Here's How HP Plans To Shake-Up 3D Printing
HP promised something big in 3D printing, and this is it: the HP 3D Multi Jet Fusion system, promising ten times the speed of existing printers, a huge leap in quality, and eventually the ability to print electrical components as easily as you might a PDF. The new system borrows tech from HP's inkjet printer playbook, spitting out tiny droplets of materials – initially thermoplastics, but with some ambitious plans in the pipeline for other substances – to build up objects. Unfortunately, you shouldn't bother clearing a spot on your desk any time soon: this probably isn't for you.
In fact, HP is targeting enterprise buyers with the first models, which are going to look something like the hulking monsters shown here. If you want to take advantage of it as an individual, you'll have to hope that your local FedEx or similar has one in-store.
It won't be that way forever, though, and HP says it's working on versions suited for individuals instead. That may take a while; the first enterprise models aren't expected to ship until 2016.
HP had promised a move into 3D printing back in March, with CEO Meg Whitman comparing current printers with "watching ice melt." In contrast to the existing technologies, which build up 3D objects one point at a time, Multi Jet Fusion can lay down over 30m drops per second as it makes each pass.
Those drops can be sourced from different color and material cartridges, too, meaning multi-color objects can be created simultaneously. Flexibility in surface finish and more is supported, and eventually HP believes it will be able to print ceramics and metals, conductive parts for electronics, and stretchable components.
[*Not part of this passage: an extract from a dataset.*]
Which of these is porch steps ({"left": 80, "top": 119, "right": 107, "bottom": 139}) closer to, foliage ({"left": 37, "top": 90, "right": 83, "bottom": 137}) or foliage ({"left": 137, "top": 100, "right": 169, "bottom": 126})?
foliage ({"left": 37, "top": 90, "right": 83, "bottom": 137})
It'll also work hand in hand with HP's push to make 3D content creation more mainstream. Alongside the new 3D printer technology, the company revealed the HP Sprout, an unusual all-in-one Windows 8.1 PC which includes a projection-UI touch surface and a 3D scanning camera array.
With Sprout, which is up for preorder today at $1,900, home users could potentially digitize existing objects, modify them virtually, and then send the file to a Multi Jet Fusion printer to be recreated.